Sampai di kost-an ku, ia bertanya "apa lagi yang kurang atau masih ada barang yang harus dibeli gak?" "Masih banyak mas, tapi besok saja bareng temanku" jawabku. "Yasudah sekalian saja sama Mas sekarang, yuk!" Setelah barang terkumpul, dia melarangku membayar. "Simpan saja uang nya. Ini bayar nya pakai uang Mas saja, ya"

Tuhan, baik sekali hamba-Mu. Aku boleh mencintainya, ya?

Sebelum pulang, dia bertanya "perlengkapan nya sudah semua?" "Belum Mas" jawabku. Lalu dia mengambil catatan yang ku pegang. "Tas, lomar, topi lapangan, headlamp, tikar. Ini belum ya? Pakai punya Mas aja. Lusa ya, karena besok Mas lembur" aku hanya mengangguk.

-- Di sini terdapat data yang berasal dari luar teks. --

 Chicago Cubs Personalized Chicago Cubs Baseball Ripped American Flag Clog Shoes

Dua hari setelahnya, ia kembali menghubungiku. Dan benar saja, dia membawa semua perlengkapan yang malam itu belum ada. Aku hanya tertawa melihatnya membawa banyak barang. Dia bilang "topi lapangan nya baru, soalnya punya Mas sudah lusuh. Dijaga baik-baik ya" aku mengangguk.

Aku bahagia.
Sekali lagi, dia membuatku bahagia.

Oya Mas, perlu kau tahu. Topi lapangan pemberianmu masih tersimpan rapi di lemariku. Masih sering ku pakai ketika tugas lapangan. Dan tentu saja, aku semakin merindukanmu.
Tidak, kau tak perlu datang lagi.


Juli 2015

Sebenarnya, ini bukan pertama kalinya kita bertemu. Mungkin empat tahun lalu, ketika aku berlatih dance di rumahmu. Saat itu, kita hanya sebatas saling mengenal saja. Kebetulan, adikmu adalah teman sekolahku. Dan kebetulan sekali, aku dan dia ada di kelompok yang sama. Mau tak mau selama dua minggu aku selalu bertemu denganmu.

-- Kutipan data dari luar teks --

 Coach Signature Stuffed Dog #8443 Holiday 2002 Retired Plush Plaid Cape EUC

Empat tahun berlalu, ternyata Tuhan mempunyai rencana yang tak ku sangka sebelumnya. Tiba-tiba saja kita menjadi sedekat nadi, hanya karena sebuah "status BBM" sore itu. Kau dengan santai membalasnya, dan tanpa bisa ku kendalikan, percakapan kita menjadi lebih serius. Merasa kehilangan jika salah satu tak berkabar. Merasa senang ketika diperhatikan.

Bukankah perempuan manapun, akan senang jika diperhatikan?

Beberapa Minggu sebelumnya, aku dinyatakan lolos seleksi PTN. Ah, bahagianya. Dan ternyata jarak kampusku tak lebih dari dua jam menuju tempatmu. Rencana apa lagi ini, Tuhan? Apakah ini kebetulan lagi? Namun jika ditanya bahagia, tentu saja aku bahagia.

Malam itu, kau menghubungiku untuk bertemu. Aku mengiyakan. Aku pun masih ingat tempat dimana kita bertemu, warna baju yang kau kenakan malam itu, bahkan wajah gugupmu. Aku masih mengingatnya, masih jelas tergambar dalam ingatan. Dan sesekali, aku merindukan malam itu.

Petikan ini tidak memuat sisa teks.